Bensalem— also the name of the mythical island in Francis Bacon’s Nova Atlantis.
The Research Triangle Park, in North Carolina, is even more of a case. Here, the generic becomes so acute that it takes on singular, almost mystical qualities. What would we call this? The Generic Sublime? The whole area is an architectural adaptation of the pharmaceutical aesthetic (“pharmaesthetics”)— which I love since my dad’s a doctor; I grew up surrounded by the free pens, pads, coffee mugs, toys, and swag offered by their representatives. It feels like home. Every once in a while, a gang of us from Chapel Hill would drive over and loiter, trying to solve the mystery, and occasionally be asked to leave the premises. Research Triangle is, after all, a willful non-place, a open-secret lab of the military-industrial complex that wishes to remain off the map. Its picnic benches and ponds are only decoy.
It’s apparent then: placeness and non-placeness, spottiness and non-spottiness are anything but fixed characteristics of a location. They are our work or division, historical and constructed, part of what Lefebvre calls the “production of space,” at once mental and physical. The question is: why this distinction?
The answer, I suspect, is much for the same reason that we need celebrity in a populous world. Augé is right: the world is abundant. It’s also bogglingly complex. Both too abundant and too complex for the individual mind. In order to make some partial sense of this complexity and abundance, we have to sacrifice most of the details. These places, people, and events becomes iconic and indexical, and everything else negligible. We cannot possibly get a personable sense of six billion people, but we’ll feel closer to the throng if we filter them through a few familiar faces: movie stars, world leaders, Olympiads. Likewise with History: we shave down the hydra-like complexity of world history to a few battles and kings “warring against Oblivion,” as Thomas Carlyle claimed, but for the sake of mental economy and sense-making narrativization.

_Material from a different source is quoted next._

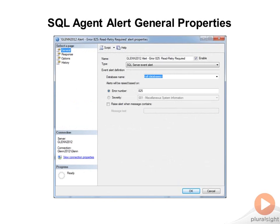This is what the SQL Server Alert General Properties dialog looks like. You can see where you can give it a name and decide whether to enable it or not, and choose what sort of an alert it is, and you can filter it by database. Usually, you're going to want to set it for all databases.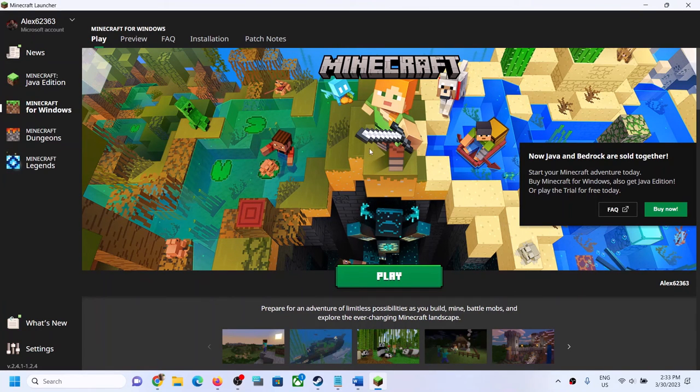One of the steps shown in this video should help you launch the game successfully on your Windows computer. Thank you so much for your time — please like this video and subscribe to my channel.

When men and women passed their entire lives in the vicinity of one village, every point in space could become a place, properly speaking.. Everything— this log, that bend in the river, this face-shaped rock, that neighbor with one eye— could have a starring role in the narrative. As travel expanded our world well beyond our ability to retain and digest it all, we had to backburner most of it… demote it to non-placeness… or try to catalog it through photos, postcards and refrigerator magnets. As Augé’s remarks about abundance and meaning in supermodernity:
“What is new is not that the world lacks meaning, or has little meaning, or less than it used to have; it is that we seem to feel an explicit and intense daily need to give it meaning: to give meaning to the world, not just some village or lineage. This need to give a meaning to the present, if not the past, is the price we pay for the overabundance of events corresponding to a situation we could call ‘supermodern’ to express its essential quality: Excess” (29).

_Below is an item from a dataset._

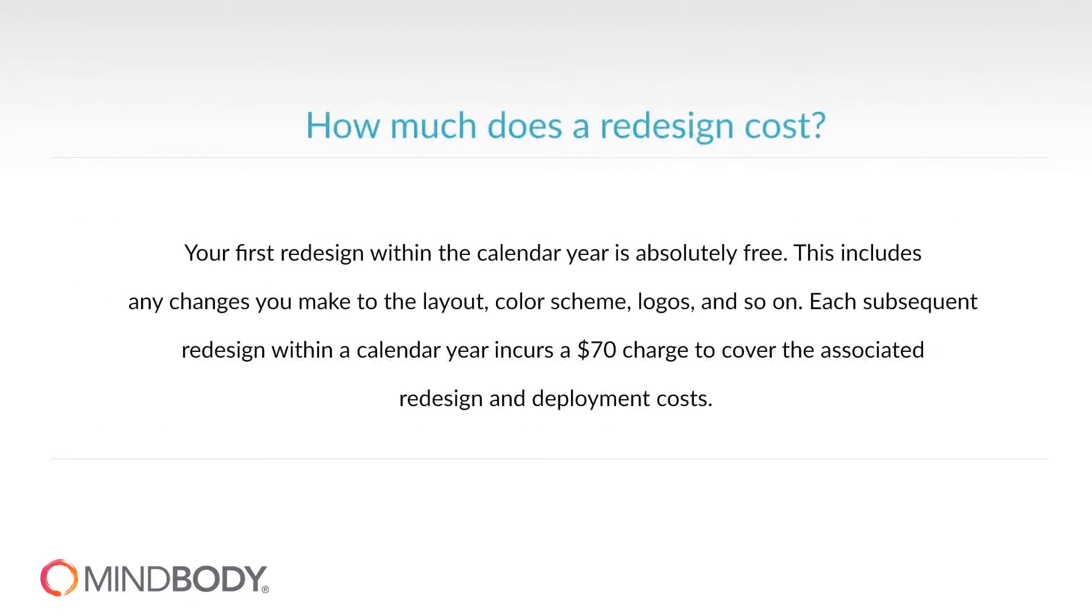Please note that any post-launch changes made to your app may incur a fee to cover the associated redesign and deployment costs.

I don’t read Augé’s non-places as arising from a loss of meaning, as some do; I read the rise of non-places more as meaningful adaptation. Or, in the vein of Michel De Certeau, non-places and non-spots provide wiggle room for our own networks, narrativizations and symbolizations, rather than ones inherited from ancestors or grown from the soil. Besides, I certainly still have my own meccas, my own holy topoi, as witnessed by my recent pilgrimage to the City Museum in St. Louis.